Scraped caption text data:
((

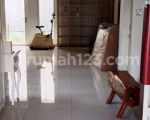 thumbnail-rumah-sewa-di-gading-serpong-flamingo-pelican-12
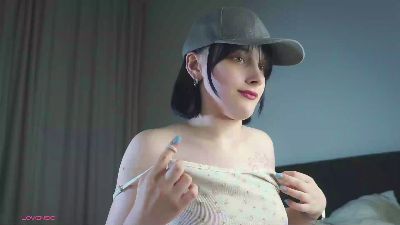 AlyceLelacheur live cam on Cam4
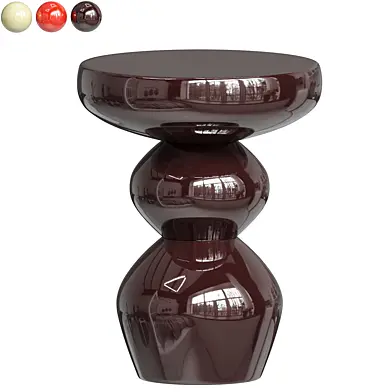 ORIFA Side Table
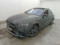 preview Mercedes E-Class #1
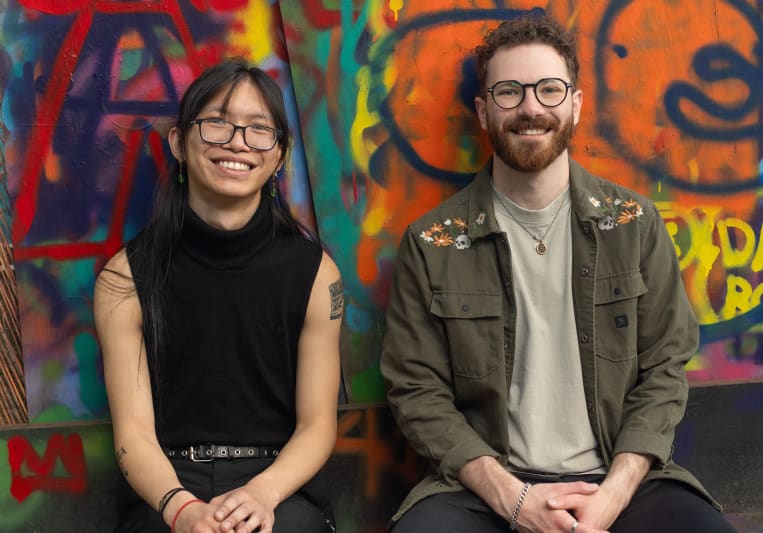 Nowhere Studios on SoundBetter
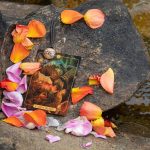 Tulku Oracle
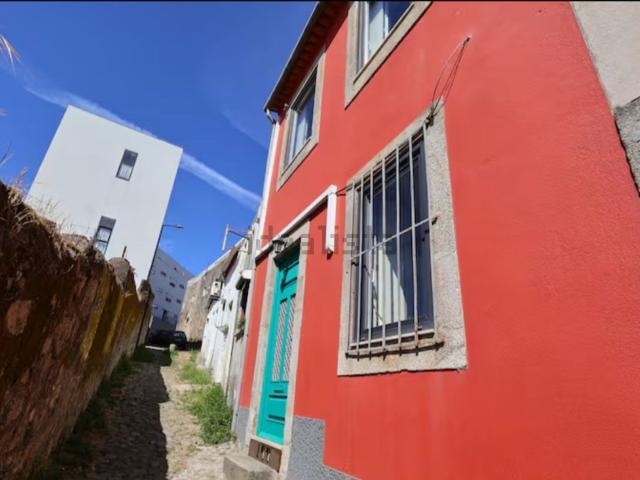 Casa alugar em Porto, Cedofeita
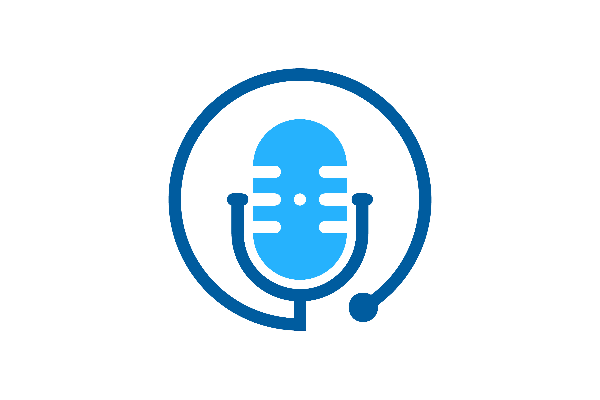 dr-dean-podcast_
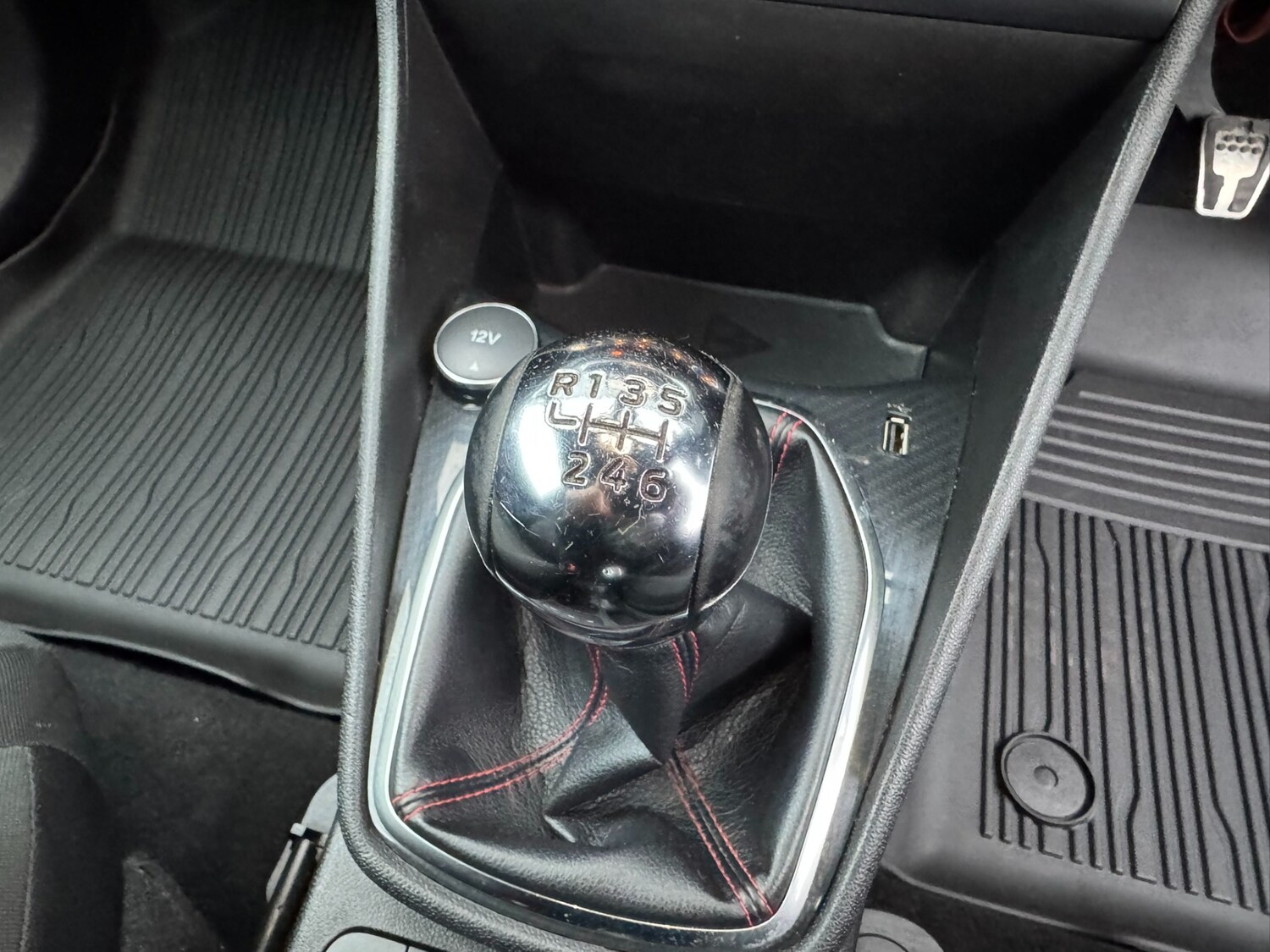 Used Ford Fiesta 2019 for sale - 77584669: Photo 45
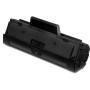 Картридж Vinga HP W1106A (V-L-HW1106A) Картридж Vinga HP W1106A (V-L-HW1106A)
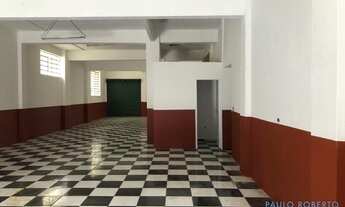 Imagem 3: COMERCIAL - ALTO DA LAPA - SP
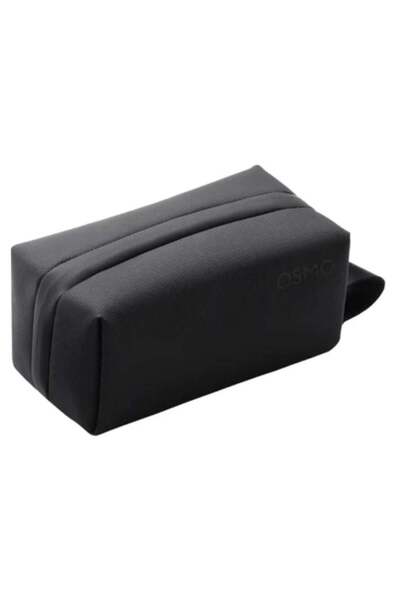 DJI Husă de transport Osmo Pocket 4 Negru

))

Where the data contains images, drop them and print the rest exactly.

[ANSWER]
 thumbnail-rumah-sewa-di-gading-serpong-flamingo-pelican-12
 AlyceLelacheur live cam on Cam4
 ORIFA Side Table
 preview Mercedes E-Class #1
 Nowhere Studios on SoundBetter
 Tulku Oracle
 Casa alugar em Porto, Cedofeita
 dr-dean-podcast_
 Used Ford Fiesta 2019 for sale - 77584669: Photo 45
 Картридж Vinga HP W1106A (V-L-HW1106A) Картридж Vinga HP W1106A (V-L-HW1106A)
 Imagem 3: COMERCIAL - ALTO DA LAPA - SP
 DJI Husă de transport Osmo Pocket 4 Negru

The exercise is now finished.